Die Reihe der Darstellungen beginnt im nordöstlichen Feld mit der Erschaffung der Welt, rechts davon befindet sich der Sündenfall, weiter rechts an der Südostecke die Verkündigung Mariae. Der mittlere Streifen zeigt von links nach rechts die Anbetung der Hirten, die Kreuzi-gung und die Auferstehung. Die westlichen Felder enthalten die Himmelfahrt, das Doppel-wappen in der Mittelachse und die Ausgießung des Heiligen Geistes.

Kunstwissenschaftlich ist 1611 ein sehr frühes Datum für die Entstehung dieser Decke. Die einzige stilistische Parallele finden wir in Brandenburg im Schloß Boitzenburg in der Uckermark. Dessen Stuckdecken sind aber erst aus dem Jahre 1655. Andere hervorragende Zeugnisse dieses Kunststils finden wir aus dieser Zeit erst wieder in Thüringen.

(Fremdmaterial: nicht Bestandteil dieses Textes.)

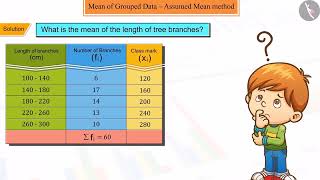 Mean of Grouped Data: Assumed Mean Method | Part 1/3 | English | Class 10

Schon im vorigen Jahrhundert waren Reparaturen der empfindlichen Decke notwendig. Damals hatte man die gesamte rechte Hälfte der Verkündigung, da wo der Engel stehen müsste, durch eine flache Putzergänzung ersetzt.

Nach 1945 scheiterten dringliche Reparaturen zunächst immer wieder am Geld. 1953/54 kam es dann zu Arbeiten an Dach und Dachstuhl sowie zu Ergänzungen großer Stuckdeckenbereiche, die der Restaurator W. Schenk aus Frankfurt (Oder) ausführte. Er orientierte sich an Fotografien aus der Vorkriegszeit. Auf Grund der Kriegseinwirkungen waren Teile der Decke herabgefallen und mussten wieder ergänzt werden. Damals wurde aber das Dach nur behelfsmäßig repariert, so dass eindringendes Wasser immer wieder den Stuck durchfeuchten konnte. 1973 fiel am Wappenfeld wieder eine größere Stuckfläche herab, wonach dann erst 1975 das Dach neu gedeckt und die Decke erneut repariert wurde. Damit waren aber die Ursachen für die Schäden noch nicht beseitigt. Nach einigen Jahren fielen wieder Stuckteile herab, so dass die Kirche baupolizeilich gesperrt werden musste. 1993 war nach Jahren des Bangens wieder ein großes Stück heruntergefallen, und zwar genau auf die Taufe, die dabei zerstört wurde. Kurz zuvor hatten rettende Maßnahmen begonnen, die 1998 zu einem guten Ende führten.

Im Jahre 1821 fand eine umfassende Erneuerung des im Kern mittelalterlichen und turmlosen Gemäuers statt, von der der westliche Erweiterungsbau und auch der Orgelprospekt mit der restaurierten Orgel von 1876 stammen. Die Kanzel ist von 1836. Außen an der Südseite steht ein Inschriftgrabstein von 1797. Im freistehenden gemauerten Glockenstuhl von 1853 hängt eine Glocke vom Ende des 15., Anfang des 16. Jahrhunderts. Eine zweite Glocke aus dieser Zeit ist wahrscheinlich im Zweiten Weltkrieg abgeliefert worden. Die Messingtaufschale stammt aus dem 17. Jahrhundert und trägt die Stifterinschrift: „ANNA CATHARINA VATERNAMIN WITTWE LEISTEN HAT SOLCHES ZUM ANDENCKEN VEREHRT 1743“.